__WHAT YOU NEED TO DO__
Could you repeat the records below exactly, leaving out any pictures?

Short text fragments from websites
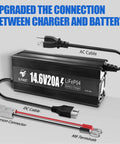 Heavy Duty 12V 20A LiFePO4 Battery Charger with 0V Activation, 14.6V Output, showing AC cable, DC cable, and Anderson connector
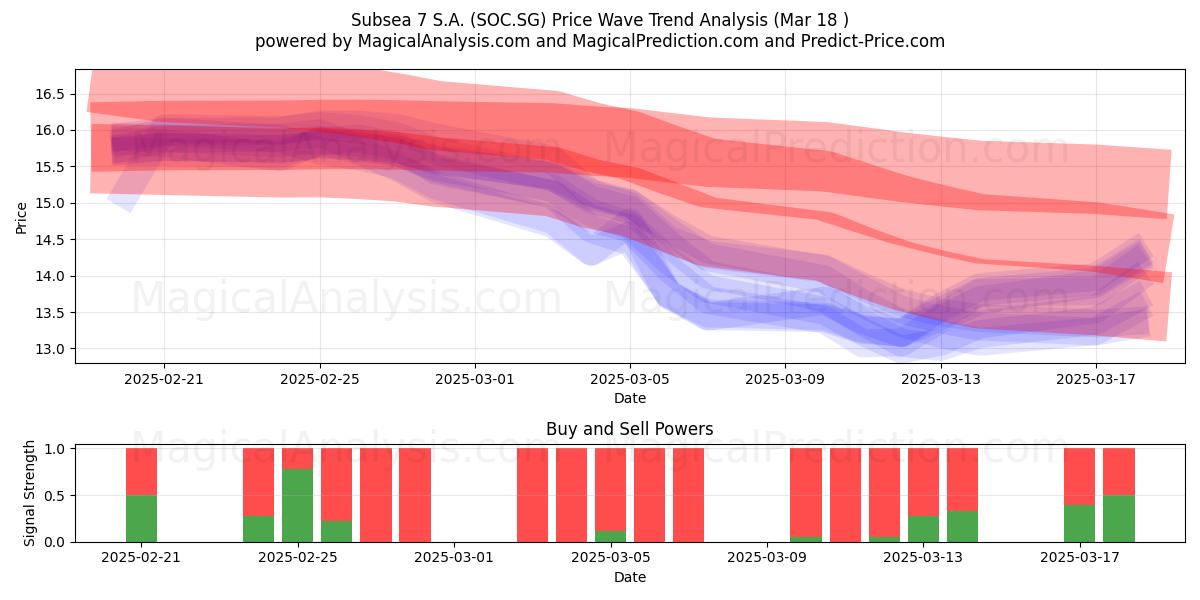  Subsea 7 S.A. (SOC.SG) Support and Resistance area (18 Mar) 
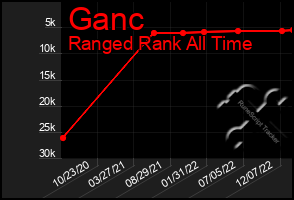 Total Graph of Ganc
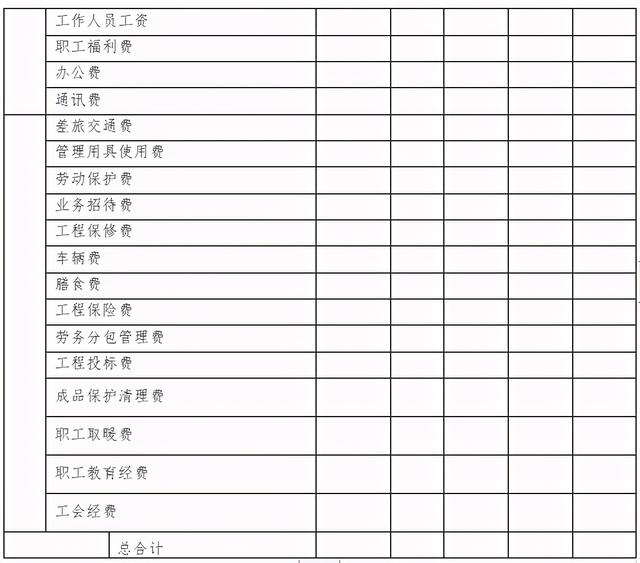 「管理制度」這么管控項(xiàng)目成本和費(fèi)用，不用擔(dān)心項(xiàng)目會(huì)虧損（項(xiàng)目管理的成本控制）
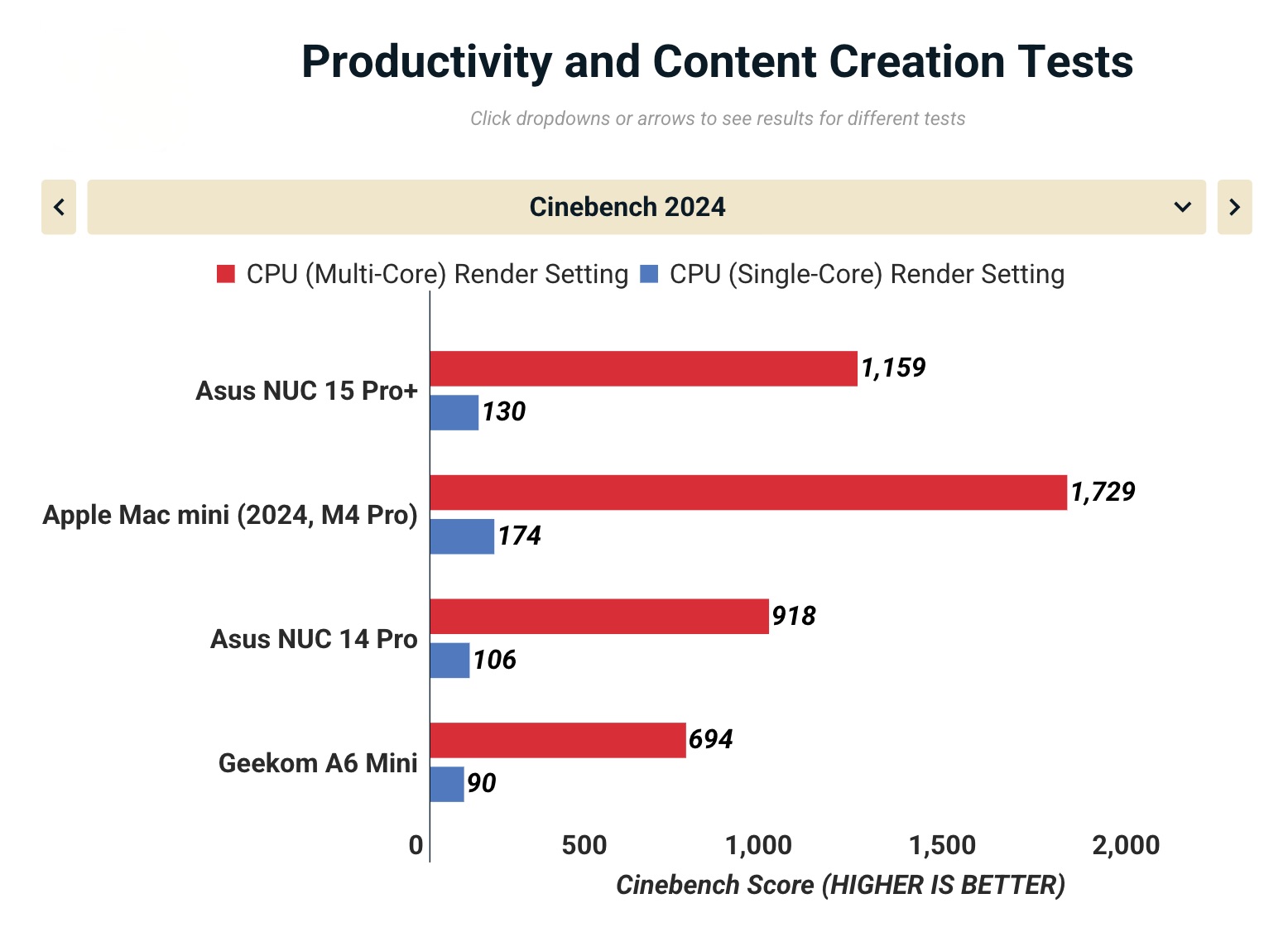 Anh man hinh 2025 10 22 luc 12.44.49
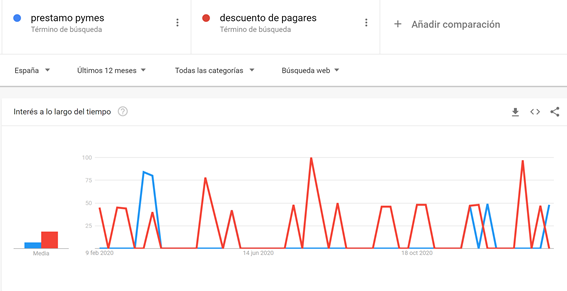 1615484989 google trenda pagar pr stamos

__TASK RESPONSE__
 Heavy Duty 12V 20A LiFePO4 Battery Charger with 0V Activation, 14.6V Output, showing AC cable, DC cable, and Anderson connector
  Subsea 7 S.A. (SOC.SG) Support and Resistance area (18 Mar) 
 Total Graph of Ganc
 「管理制度」這么管控項(xiàng)目成本和費(fèi)用，不用擔(dān)心項(xiàng)目會(huì)虧損（項(xiàng)目管理的成本控制）
 Anh man hinh 2025 10 22 luc 12.44.49
 1615484989 google trenda pagar pr stamos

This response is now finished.